引退を難しくしているもう一つの要因が、後継者問題です。多くの経営者が「今は任せられる人がいない」と言います。
しかしご自身が経営者になった頃を思い返してみてください。今よりもずっと経営手腕は劣っていたはずです。翻って、年長者から見て完璧な後継者などは存在しないのだと思います。

また私見ですが、後継者は外部招聘より内部昇進の方が概ね上手くいきます。外部招聘は少なからず反発を招きます。それよりは親族か、スタッフの中から選定し、失敗を許容しながら判断力を養わせる…経営とは理屈よりも「決断の積み重ね」であり、それを養うには経験が必要です。ですから、「そろそろ引退を考えるか」と思った時が、実は育成のスタートラインかとも思います。

引退後こそが本当の人生?

多くの経営者が引退後に戸惑うのは、自由な時間の使い方だそうです。元トリンプの伝説的な経営者である吉越浩一郎氏は60歳を過ぎてからが本生(本当の人生)と仰っていて、ご婦人と旅行、ゴルフ、フランスとの二重生活、執筆、講演、若手経営者との会食など日々忙しくしておられます。また健康を保つためにジムワークを欠かしません。

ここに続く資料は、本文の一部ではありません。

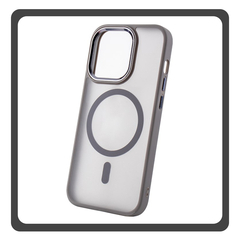 Θήκη Πλάτης - Back Cover, Silicone Σιλικόνη Gray Γκρι Frozen Mag Case For iPhone 15 Pro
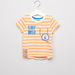 The Smurfs Printed and Striped Short Sleeves T-shirt-T Shirts-thumbnail-0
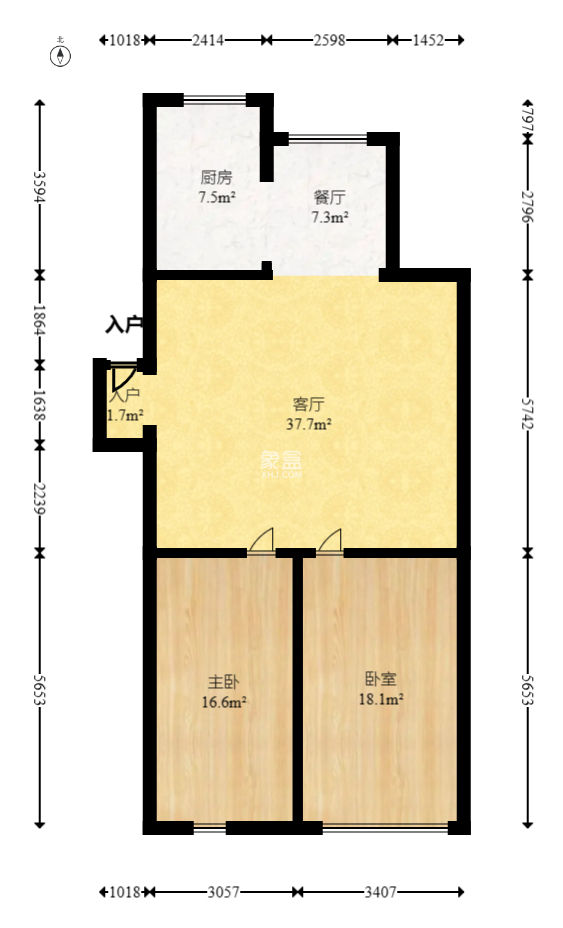 李公庙商住楼  3室2厅1卫   75.00万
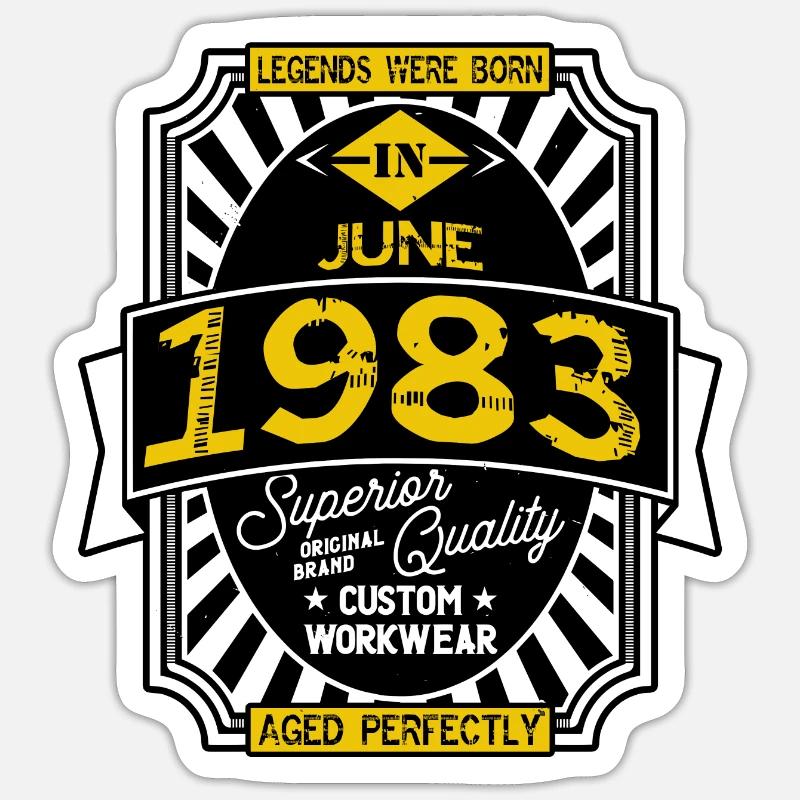 JUNI 1984 - Sticker Größe S (10 x 10 cm) - Mattweiß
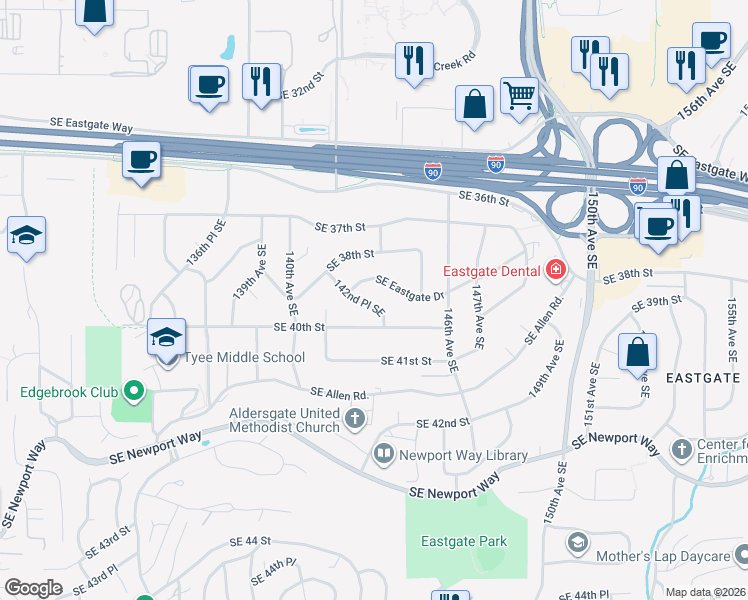 map of restaurants, bars, coffee shops, grocery stores, and more near 3860 142nd Place Southeast in Bellevue
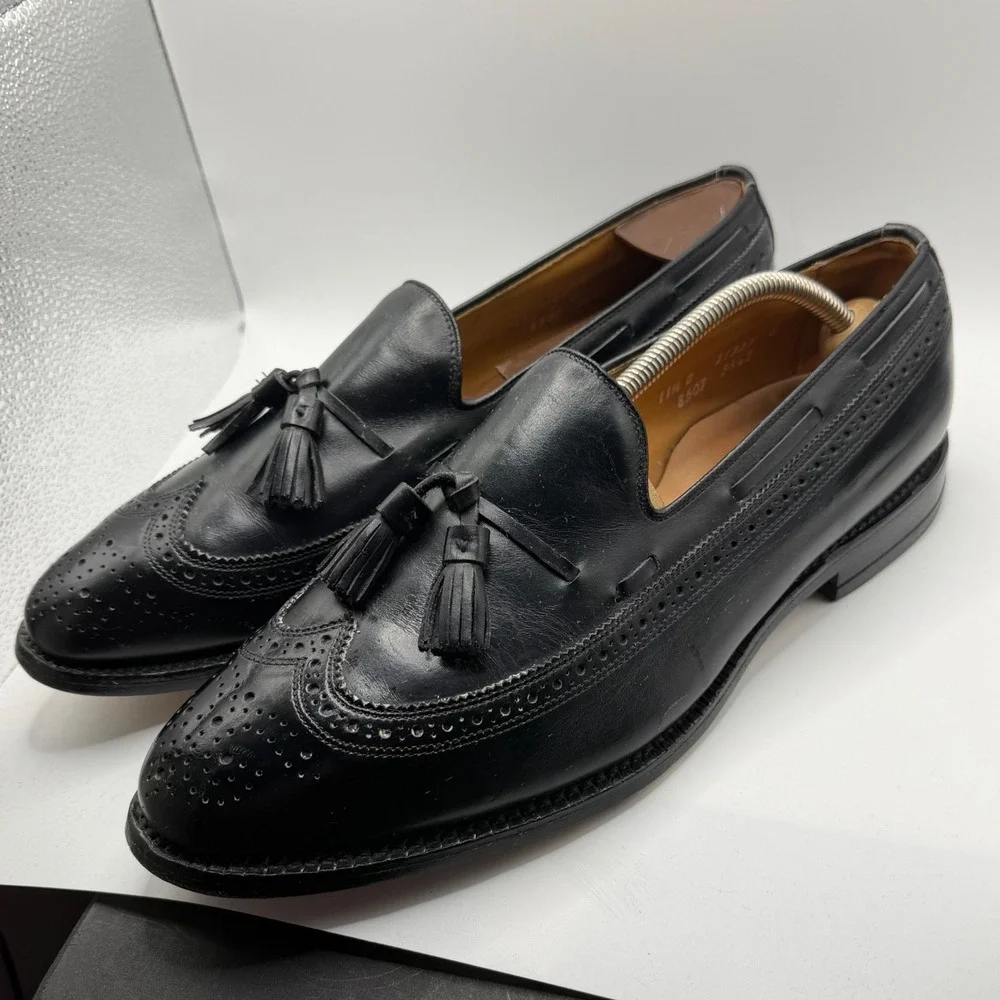 Allen Edmonds Manchester Black Leather Wingtip Tassel Loafers Sz Mens 11.5 D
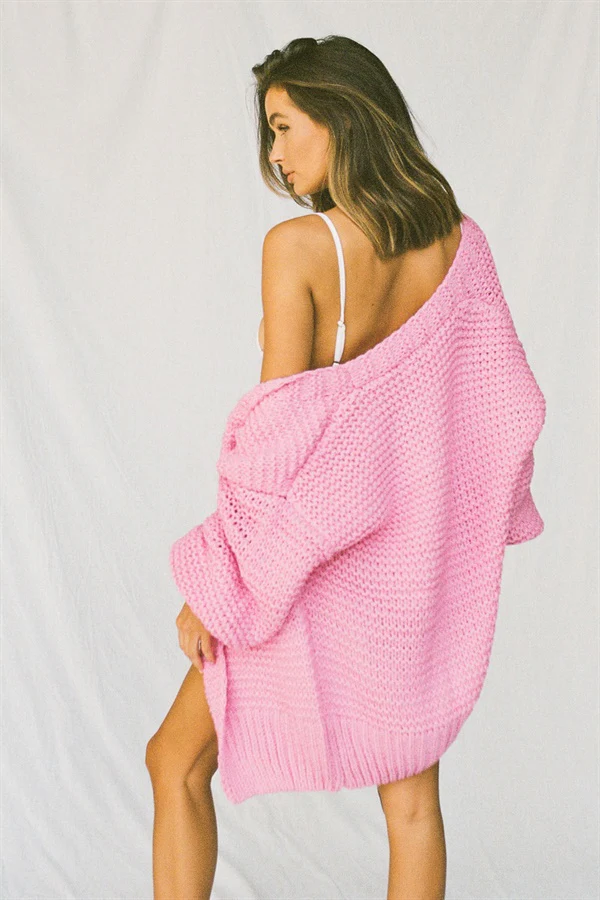 SAMPLE-Chunky Panama Cardi - Pink - Image 2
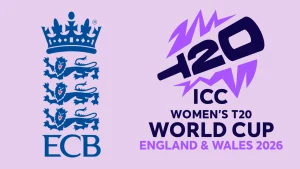 England and Wales Cricket Board (ECB) logo alongside the ICC Women’s T20 World Cup 2026 England and Wales tournament logo.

そこまではなかなか困難だとしても、会社顧問として後進を支える、その道のコンサルタントとして知見を活かすなど、社会に貢献することは十分に可能でしょう。ある精神科の先生に言われました。「菅君、お年寄りに遠慮してはいけない。人助けと思って沢山頼み事をしなさい!」と。
経験を活かし、次の世代や地域に還元するそれが、経営者としての最後の仕事なのかもしれませんね。

 
自分を再構築する

引退は、退いて引きこもる事ではなく、自分自身の新しい人生を構築することではないかと最近は思います。人との関わり方や学び方次第で、人はいつまでも成長できます。実際、80歳を超えて税理士試験に合格された方もおられますし、私の母は74歳の時に社会保険労務士に合格しました。受験中は若い人と交流してとても楽しそうでしたし、今も時々会っているようです。
役者が他人の人生を演じるように、引退後は違う自分をプロデュースすると思えば、今から引退が楽しみでもあります。とりあえず、私も生きている間にやりたい事を30個くらい書き出すことから始めてみようかと思うこの頃です。